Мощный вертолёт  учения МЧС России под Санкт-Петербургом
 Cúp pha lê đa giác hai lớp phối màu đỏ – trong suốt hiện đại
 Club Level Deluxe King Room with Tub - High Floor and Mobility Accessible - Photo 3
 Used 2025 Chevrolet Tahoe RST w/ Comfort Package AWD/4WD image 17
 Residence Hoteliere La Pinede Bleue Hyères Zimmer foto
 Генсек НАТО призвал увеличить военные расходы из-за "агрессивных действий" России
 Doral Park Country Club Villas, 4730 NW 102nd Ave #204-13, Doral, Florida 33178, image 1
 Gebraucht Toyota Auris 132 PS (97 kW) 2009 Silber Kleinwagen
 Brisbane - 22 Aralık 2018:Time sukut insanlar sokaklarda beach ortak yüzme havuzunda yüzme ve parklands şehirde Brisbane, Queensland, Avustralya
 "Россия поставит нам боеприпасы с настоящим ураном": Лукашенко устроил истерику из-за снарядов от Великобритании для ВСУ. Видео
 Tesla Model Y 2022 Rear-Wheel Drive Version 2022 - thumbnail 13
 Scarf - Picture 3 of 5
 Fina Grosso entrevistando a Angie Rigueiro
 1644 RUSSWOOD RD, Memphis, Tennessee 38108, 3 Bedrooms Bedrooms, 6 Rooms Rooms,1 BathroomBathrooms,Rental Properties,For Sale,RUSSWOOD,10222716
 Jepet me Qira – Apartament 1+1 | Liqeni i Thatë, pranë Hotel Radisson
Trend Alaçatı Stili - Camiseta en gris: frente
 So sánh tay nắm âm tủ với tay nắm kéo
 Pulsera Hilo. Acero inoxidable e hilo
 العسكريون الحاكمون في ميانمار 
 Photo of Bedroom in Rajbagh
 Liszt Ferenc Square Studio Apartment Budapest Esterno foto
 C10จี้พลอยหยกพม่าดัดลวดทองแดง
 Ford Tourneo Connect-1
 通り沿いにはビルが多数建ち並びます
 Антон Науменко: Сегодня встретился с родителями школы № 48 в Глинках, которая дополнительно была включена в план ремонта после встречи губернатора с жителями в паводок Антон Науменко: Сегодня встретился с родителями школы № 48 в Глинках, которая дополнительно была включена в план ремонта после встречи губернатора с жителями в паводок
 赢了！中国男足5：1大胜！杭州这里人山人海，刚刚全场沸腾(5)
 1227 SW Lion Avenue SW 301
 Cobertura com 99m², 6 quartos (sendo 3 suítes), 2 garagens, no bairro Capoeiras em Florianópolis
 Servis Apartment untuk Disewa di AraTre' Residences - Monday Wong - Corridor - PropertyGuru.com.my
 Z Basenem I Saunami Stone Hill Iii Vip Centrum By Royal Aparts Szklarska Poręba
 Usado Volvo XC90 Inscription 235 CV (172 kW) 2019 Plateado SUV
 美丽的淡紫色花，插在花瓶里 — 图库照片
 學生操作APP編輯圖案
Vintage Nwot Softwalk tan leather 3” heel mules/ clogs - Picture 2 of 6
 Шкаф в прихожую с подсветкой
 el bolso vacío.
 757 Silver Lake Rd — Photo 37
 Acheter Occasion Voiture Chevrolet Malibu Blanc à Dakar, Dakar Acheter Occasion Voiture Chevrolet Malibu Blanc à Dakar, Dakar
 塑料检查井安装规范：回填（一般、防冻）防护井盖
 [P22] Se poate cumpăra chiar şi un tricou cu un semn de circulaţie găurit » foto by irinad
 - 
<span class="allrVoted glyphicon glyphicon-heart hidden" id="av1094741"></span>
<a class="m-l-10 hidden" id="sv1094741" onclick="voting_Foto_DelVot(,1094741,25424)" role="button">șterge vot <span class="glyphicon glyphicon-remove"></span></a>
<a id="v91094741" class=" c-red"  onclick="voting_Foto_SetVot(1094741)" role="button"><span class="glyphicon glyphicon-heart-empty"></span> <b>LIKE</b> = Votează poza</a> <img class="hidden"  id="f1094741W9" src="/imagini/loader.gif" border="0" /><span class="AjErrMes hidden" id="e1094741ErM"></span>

---

— Task to complete —
From the listing above, repeat exactly the lines starting at the line that includes "el bolso vacío." and ending at the line that includes "塑料检查井安装规范：回填（一般、防冻）防护井盖", with nothing outside that span.

— Exercise answer —
 el bolso vacío.
 757 Silver Lake Rd — Photo 37
 Acheter Occasion Voiture Chevrolet Malibu Blanc à Dakar, Dakar Acheter Occasion Voiture Chevrolet Malibu Blanc à Dakar, Dakar
 塑料检查井安装规范：回填（一般、防冻）防护井盖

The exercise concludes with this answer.